### [EXERCISE BRIEF]
Only the lines of the listing below that run from the line with "abhayonpoints's tweet photo." through the line with "#IndiaFirst #OperationSindoor #Geopolitics" are to be set down, word for word. Pictures stay out.

### [DATASET RECORDS]
--- START ---

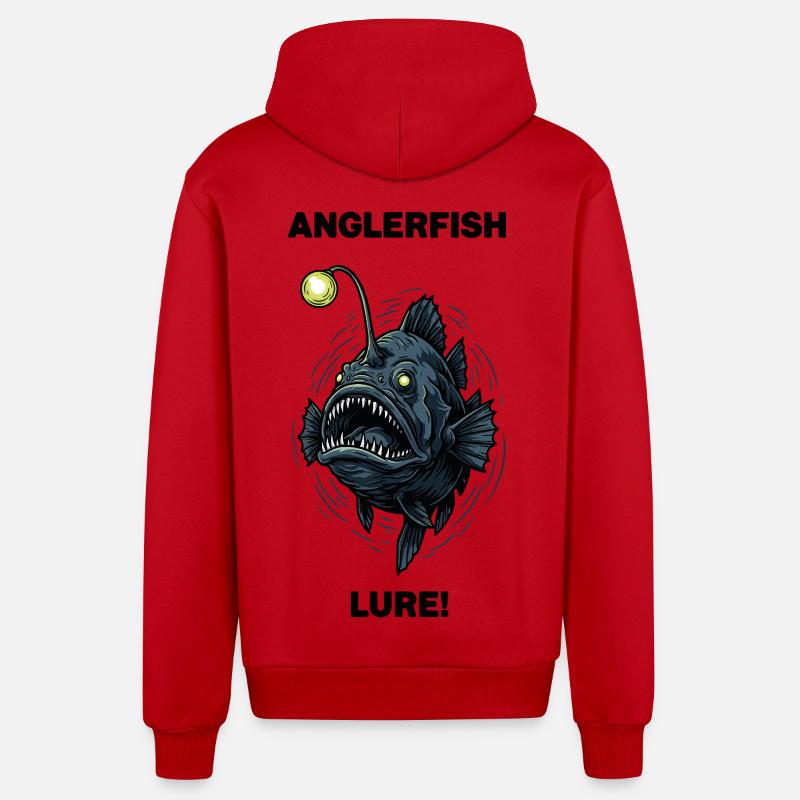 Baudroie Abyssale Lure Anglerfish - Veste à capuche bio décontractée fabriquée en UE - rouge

--- END ---
--- START ---

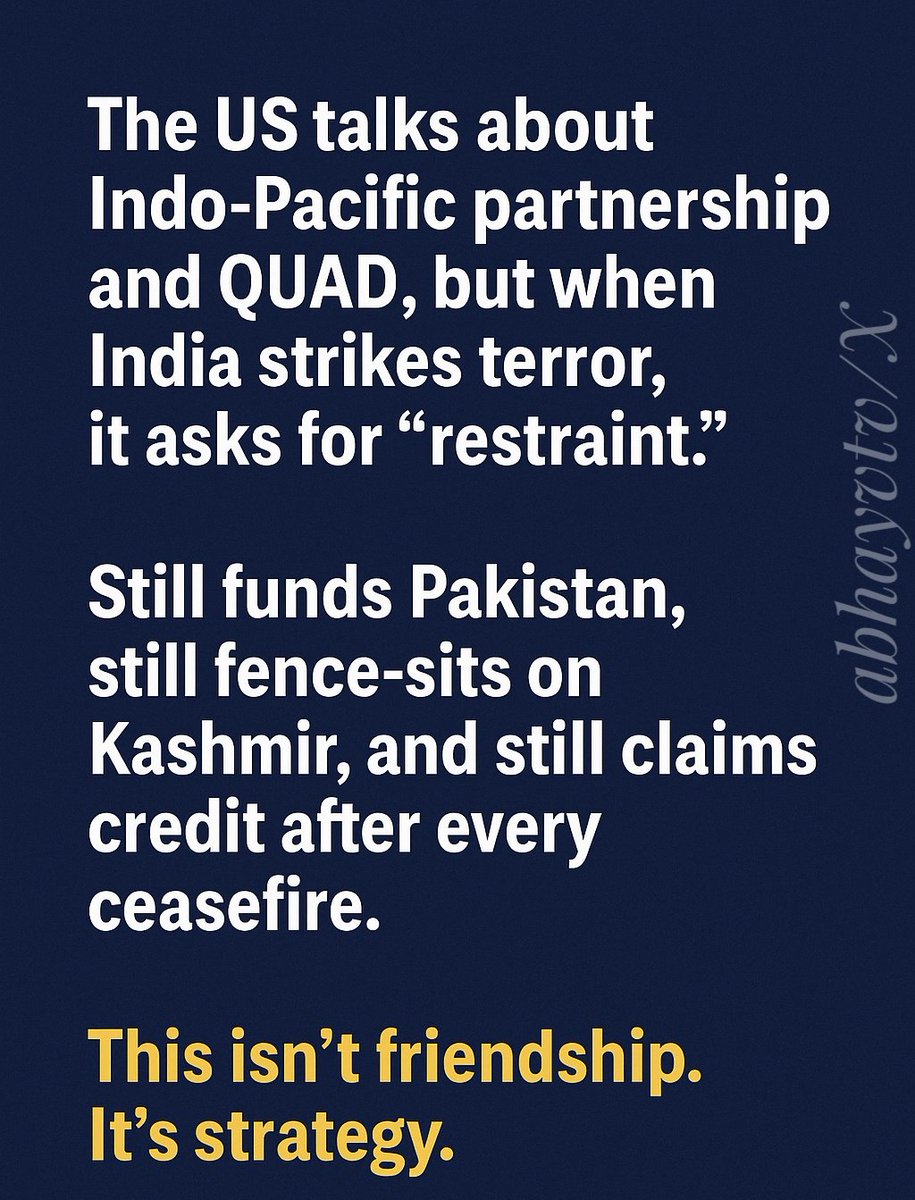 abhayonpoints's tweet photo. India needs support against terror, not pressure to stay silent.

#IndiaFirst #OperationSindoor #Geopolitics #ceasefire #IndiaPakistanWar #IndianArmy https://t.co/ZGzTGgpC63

--- END ---

### [TASK RESULT]
 abhayonpoints's tweet photo. India needs support against terror, not pressure to stay silent.

#IndiaFirst #OperationSindoor #Geopolitics #ceasefire #IndiaPakistanWar #IndianArmy https://t.co/ZGzTGgpC63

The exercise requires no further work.